A fronte di tale quadro giurisprudenziale, hanno pertanto rilevato che la questione potrebbe dar luogo a un contrasto giurisprudenziale interno, ritenendo:

1) non applicabile l’art. 578 bis cod. proc. pen., avuto riguardo all’iter legislativo che ha portato alla introduzione della norma, frutto del trasferimento nel codice di rito della confisca c.d. allargata, propria della normativa antimafia;

2) inesistente, a legislazione vigente, una disposizione che consenta alla Corte di Cassazione di annullare con rinvio la sentenza impugnata, limitatamente alla statuizione sulla confisca, in caso di reato di lottizzazione abusiva dichiarato prescritto, poiché le peculiarità della confisca urbanistica ne impedirebbero l’equiparazione a quella allargata di cui all’art. 240 bis cod. pen., a quella di cui all’art. 322 ter cod. pen. e alla misura di sicurezza di cui all’art. 240 cod. pen.;

3) configurabile, per il caso in cui si ritenga applicabile il meccanismo processuale di cui all’art. 578 bis cit., la questione di illegittimità costituzionale della norma per contrasto con l’art. 76 Cost., per eccesso di delega, avendo il legislatore stabilito la riserva di codice per le disposizioni di diritto penale sostanziale, mentre il decreto legislativo delegato avrebbe inserito una norma nel codice di procedura penale, per di più di portata innovativa, non compresa tra i principi e criteri direttivi della legge delega;

4) non applicabile analogicamente l’art. 622 cod. proc. pen., relativo alle statuizioni civili, per giustificare il rispetto del principio di legalità di una statuizione di annullamento con rinvio limitatamente alla proporzionalità della confisca urbanistica, pur in presenza di declaratoria di prescrizione, rinvio neppure imposto alla stregua del principio di proporzionalità contenuto nella sentenza G.I.E.M., essendosi la Corte E.D.U. limitata a consentire la conferma di una confisca nel caso in cui il reato risulti estinto, senza legittimare, tuttavia, un obbligo di esercizio della giurisdizione penale dopo la declaratoria di prescrizione del reato di lottizzazione abusiva ai soli fini della confisca, tenuto anche conto che – nel sistema nazionale – resta ferma la potestà amministrativa di cui all’art. 30 del d.P.R. n. 380 del 2001, utilmente esercitabile.

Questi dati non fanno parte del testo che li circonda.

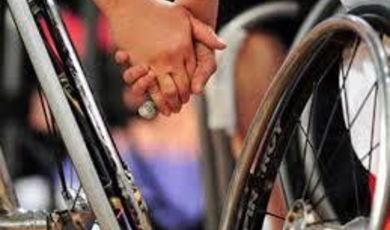 В Зарайске отметили международный день инвалидов
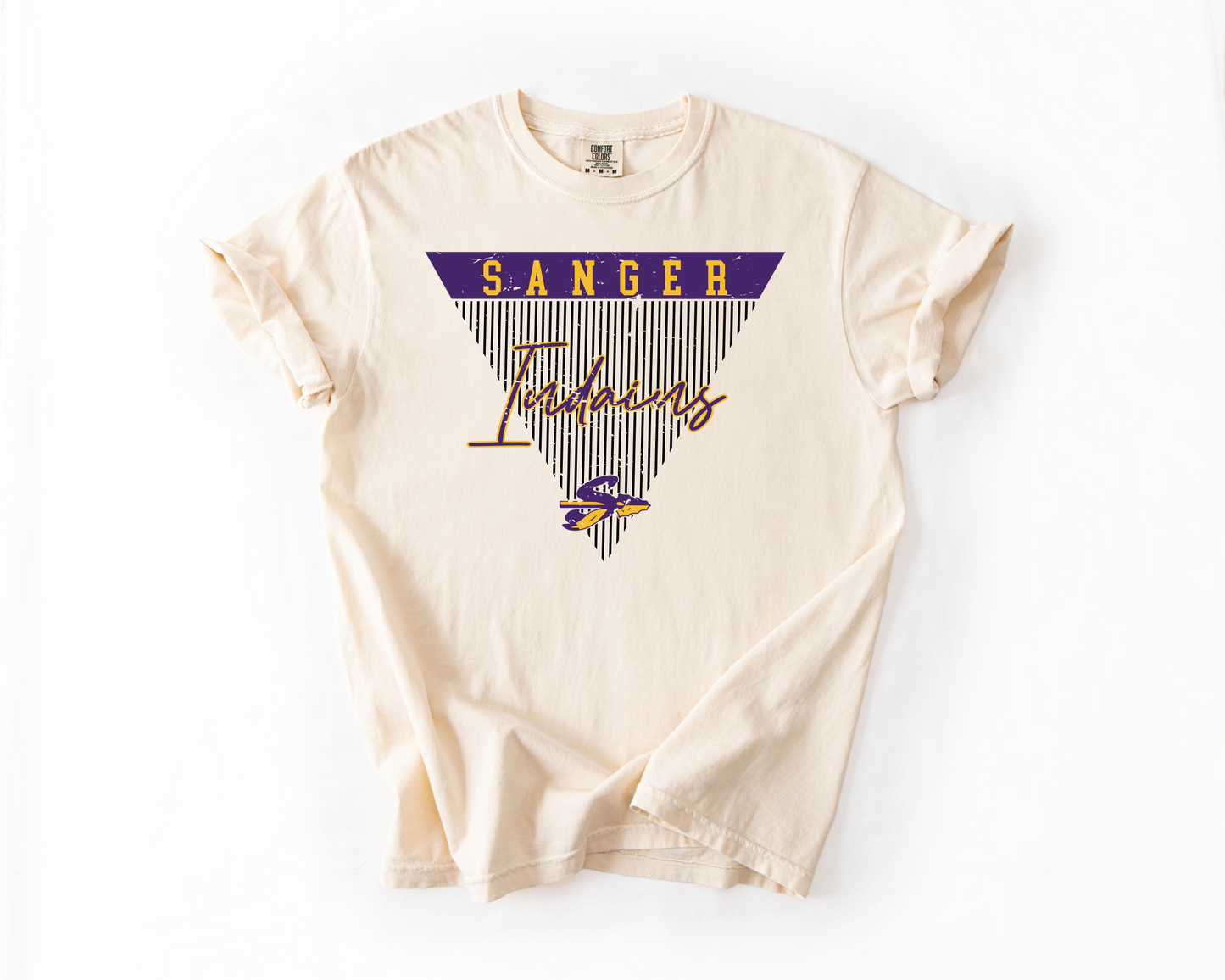 Sanger Indians Retro Rewind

Ne è conseguita la decisione di rimettere alle Sezioni Unite il seguente quesito: « Se, in caso di declaratoria di estinzione per prescrizione del reato di lottizzazione abusiva, sia consentito l’annullamento con rinvio limitatamente alla statuizione sulla confisca ai fini della valutazione da parte del giudice di rinvio della proporzionalità della misura, secondo il principio indicato nella sentenza della Corte Europea dei Diritti dell’Uomo 28 giugno 2018, causa G.I.E.M. s.r.l. e altri c. Italia».